Your answer should consist only of the lines from the line containing "Flowers Duvet Cover" through the last line below, each repeated exactly.

......

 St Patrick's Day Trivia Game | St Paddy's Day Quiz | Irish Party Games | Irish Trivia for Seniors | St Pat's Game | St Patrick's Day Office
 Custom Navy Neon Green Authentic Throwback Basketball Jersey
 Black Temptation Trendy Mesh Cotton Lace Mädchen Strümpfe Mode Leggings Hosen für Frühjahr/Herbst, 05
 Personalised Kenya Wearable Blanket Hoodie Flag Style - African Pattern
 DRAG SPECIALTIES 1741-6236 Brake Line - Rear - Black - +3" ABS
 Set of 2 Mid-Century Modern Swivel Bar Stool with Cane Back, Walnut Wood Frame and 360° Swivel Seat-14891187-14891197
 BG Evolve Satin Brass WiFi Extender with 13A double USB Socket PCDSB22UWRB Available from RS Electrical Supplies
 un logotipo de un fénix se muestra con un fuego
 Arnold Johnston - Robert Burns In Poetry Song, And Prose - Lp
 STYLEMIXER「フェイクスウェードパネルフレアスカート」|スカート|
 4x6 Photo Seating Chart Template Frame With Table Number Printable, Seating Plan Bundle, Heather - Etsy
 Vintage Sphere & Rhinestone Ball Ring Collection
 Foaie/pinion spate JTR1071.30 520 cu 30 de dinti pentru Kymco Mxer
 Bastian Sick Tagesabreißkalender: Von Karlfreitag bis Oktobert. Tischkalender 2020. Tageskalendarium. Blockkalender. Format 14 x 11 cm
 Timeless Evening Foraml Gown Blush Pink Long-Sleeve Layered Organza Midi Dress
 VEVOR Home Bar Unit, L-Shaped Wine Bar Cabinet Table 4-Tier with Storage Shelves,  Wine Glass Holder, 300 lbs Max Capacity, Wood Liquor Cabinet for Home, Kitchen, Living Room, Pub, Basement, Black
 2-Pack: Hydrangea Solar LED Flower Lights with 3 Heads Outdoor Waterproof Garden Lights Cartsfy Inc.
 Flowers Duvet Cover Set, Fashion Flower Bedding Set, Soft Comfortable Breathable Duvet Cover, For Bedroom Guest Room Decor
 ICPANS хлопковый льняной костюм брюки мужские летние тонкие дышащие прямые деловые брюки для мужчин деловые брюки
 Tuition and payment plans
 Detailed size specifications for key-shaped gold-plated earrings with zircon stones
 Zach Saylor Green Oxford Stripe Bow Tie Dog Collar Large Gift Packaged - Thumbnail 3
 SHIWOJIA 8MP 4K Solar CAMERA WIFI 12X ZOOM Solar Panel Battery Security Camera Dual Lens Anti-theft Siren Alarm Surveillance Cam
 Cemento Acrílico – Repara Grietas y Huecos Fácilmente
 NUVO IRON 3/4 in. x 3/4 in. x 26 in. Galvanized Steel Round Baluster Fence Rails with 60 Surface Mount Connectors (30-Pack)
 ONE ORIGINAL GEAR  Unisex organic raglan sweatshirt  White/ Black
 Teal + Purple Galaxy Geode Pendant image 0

......

#### [Result of this exercise]
 Flowers Duvet Cover Set, Fashion Flower Bedding Set, Soft Comfortable Breathable Duvet Cover, For Bedroom Guest Room Decor
 ICPANS хлопковый льняной костюм брюки мужские летние тонкие дышащие прямые деловые брюки для мужчин деловые брюки
 Tuition and payment plans
 Detailed size specifications for key-shaped gold-plated earrings with zircon stones
 Zach Saylor Green Oxford Stripe Bow Tie Dog Collar Large Gift Packaged - Thumbnail 3
 SHIWOJIA 8MP 4K Solar CAMERA WIFI 12X ZOOM Solar Panel Battery Security Camera Dual Lens Anti-theft Siren Alarm Surveillance Cam
 Cemento Acrílico – Repara Grietas y Huecos Fácilmente
 NUVO IRON 3/4 in. x 3/4 in. x 26 in. Galvanized Steel Round Baluster Fence Rails with 60 Surface Mount Connectors (30-Pack)
 ONE ORIGINAL GEAR  Unisex organic raglan sweatshirt  White/ Black
 Teal + Purple Galaxy Geode Pendant image 0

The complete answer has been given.